Since 2008, his work has been almost entirely dedicated to Lenticular High Relief using lenticular networks invented byGabriel Lippmann in 1908. The viewer, by moving laterally, observes, in 3D, a succession of elements which reveal themselves gradually in a sort of "layered" space.

This led to Verpillat's theory concerning the "peripatetic" consumption of his work ("peripatetic", since one is obliged to move in order to see the whole) which he calls "paranoiaque feuilletée" ("strata paranoia") in homage to Dalí.

Certain works in High Relief are abstract, some make use of diachronic forms, others are a "repetition" of old classics ("repetition" as used by Søren Kierkegaard, and Alain Robbe-Grillet).
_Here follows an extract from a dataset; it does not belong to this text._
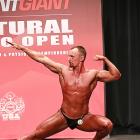 Steven  Kenkel - NPC Natural Colorado 2014 - #1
In 2009 he was awarded the prize of the city of in Saint-Tropez at the 13th International Salon of Contemporary Art.

==Related fields and recreation==
From 1997 to 1999 he was Vice President of the Commission Supérieure Technique de l'Image et du Son (CST). He was also one of the presidents of GREC (Groupe de Recherches et d'Essais Cinématographiques), President of the Centre Français des Opérations Territoriales, membre de la Société des Electriciens et Electroniciens Français, of the SMPTE (Society of Motion Picture and Television Engineers), the Société des Auteurs Multimedia, de la Société des Auteurs et Compositeurs Dramatiques, of the Francophone Alliance.

Over the past fifty years, Verpillat has exercised a number of martial arts. He met Jacques Normand in 1980, becoming one of his most faithful disciples. The martial arts he has studied include: Bo Jitsu, Iaï Jitsu, Kyūdō and Aikido.